While voters like Motley express frustration and disappointment over Obama, few seem open to the idea of changing political parties. As the Post story points out, the disillusioned voters of many black communities will likely mean a lower voter turnout overall, not necessarily a different party loyalty.
According to the Post, many voters “wondered whether they would ever bother voting again” after Obama’s historic presidency failed to deliver on Democrat promises to heal the inner city.
Hillary Clinton, the Democrat front-runner for 2016, is expected to have a difficult time mobilizing black communities in heavily Democrat districts.
“At least with Obama, he gave pride to our young men and was a good role model,” one potential voter told the Post. “Hillary needs to prove to us that she’s genuine and really true. And I’m not even sure that would help.
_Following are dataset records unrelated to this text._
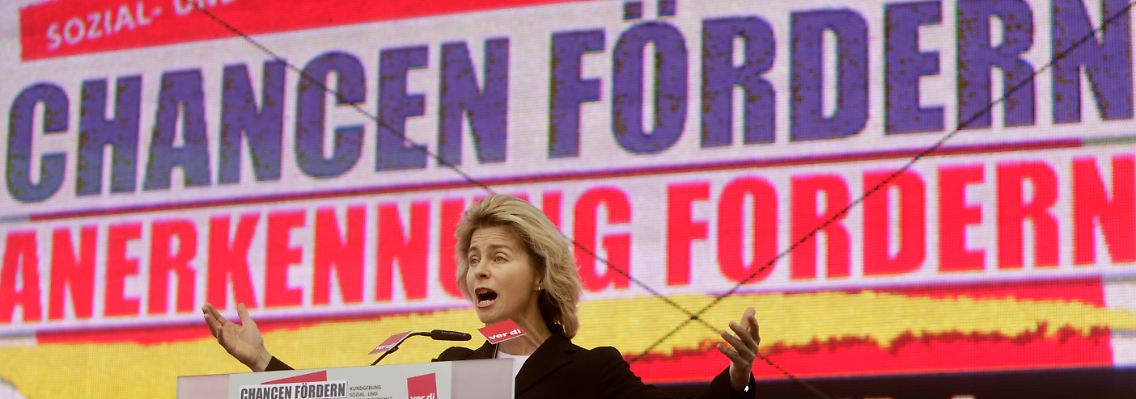 Ursula von der Leyen auf einer Kundgebung der Gewerkschaft ver.di in Köln.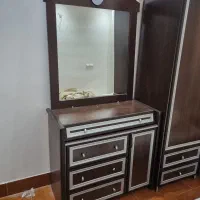 آینه و میز آرایش به همراه یک ساعت دیواری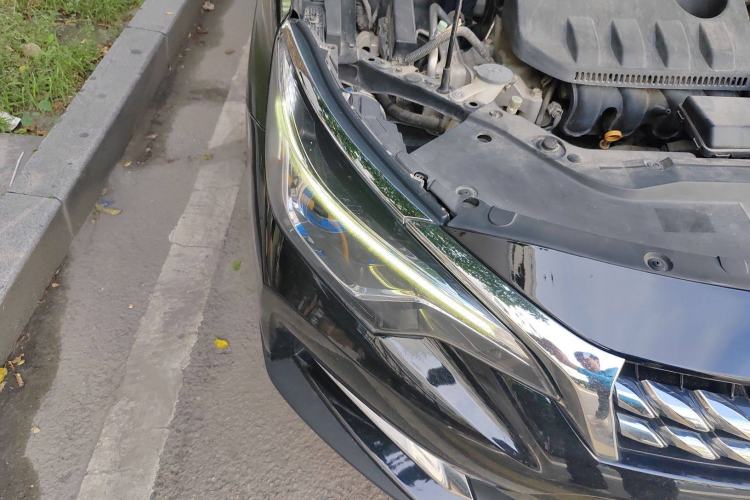 Used Venucia D60 2018 1.6L CVT Smart Connect Elite Edition Exterior 6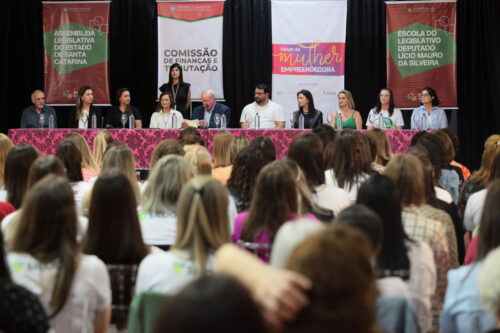 São Miguel do Oeste fecha ciclo de debates sobre empreendedorismo feminino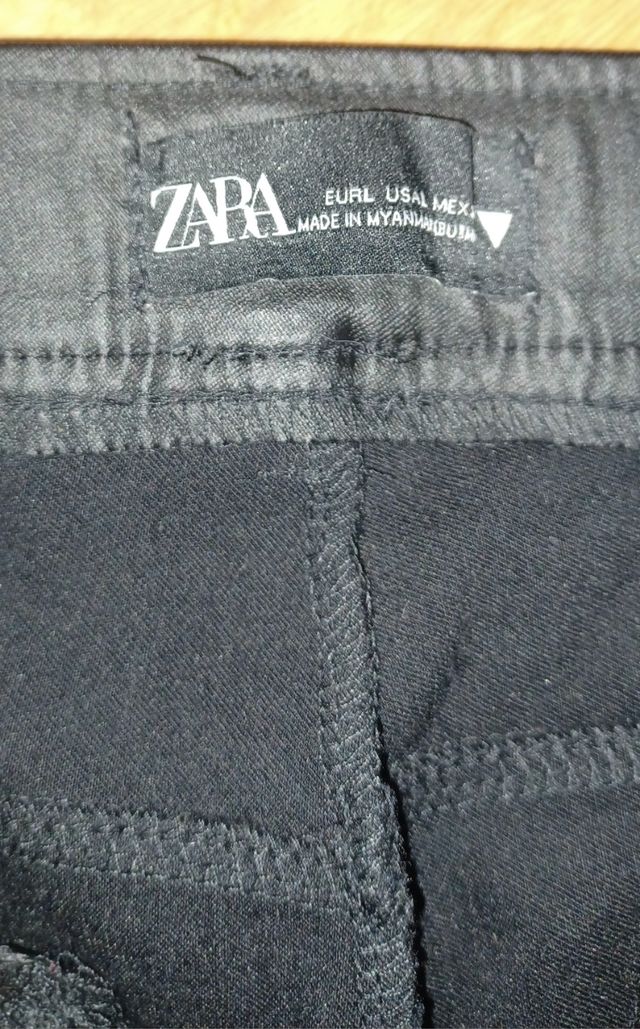 Pantalones efecto encerado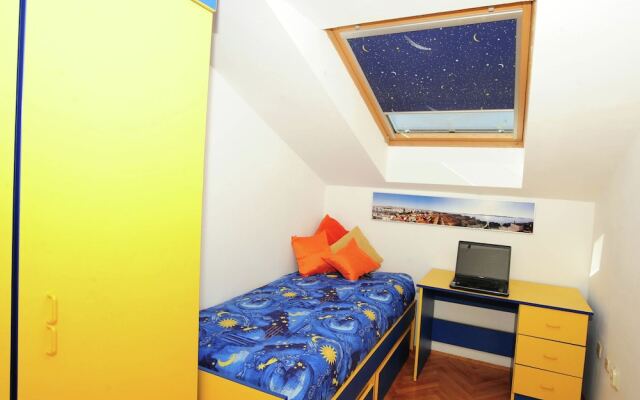 Colourful Apartment in Dalmatia With Furnished Balcony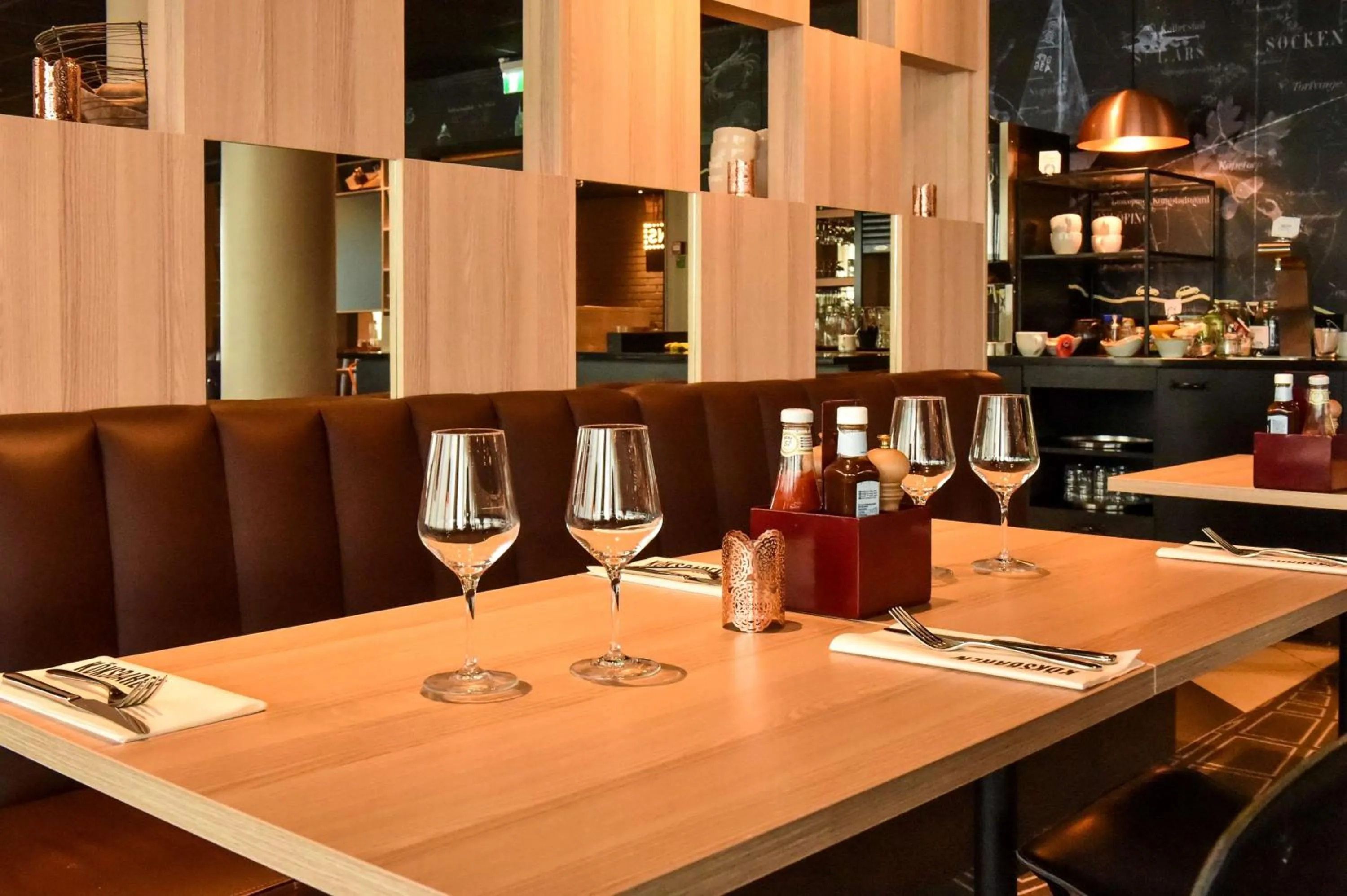 Restaurant/places to eat in Scandic Segevång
We’ve been snakebitten too many times before.”
Apparently they have not been snakebitten enough times to entertain the idea that Democrats might not be the best political fit for their communities.
The article also highlighted the notion that much of the initial support for Obama was the consequence of a pop culture phenomenon, rather than an informed understanding of Democrat talking points.
“It became more about a personal duty to elect Obama than a civic duty to vote,” said Mone Holder, regional director for a liberal voting rights group.
“There’s been a lot of talk in the state about how to transform that enthusiasm into a black and brown agenda. No one has fully figured it out yet.”
Now that the disappointing era of Obama is coming to an end, Democrats are bracing for a substantial downturn in the number of enthusiastic black voters.
If life were fair, they would be bracing for a rebellion instead.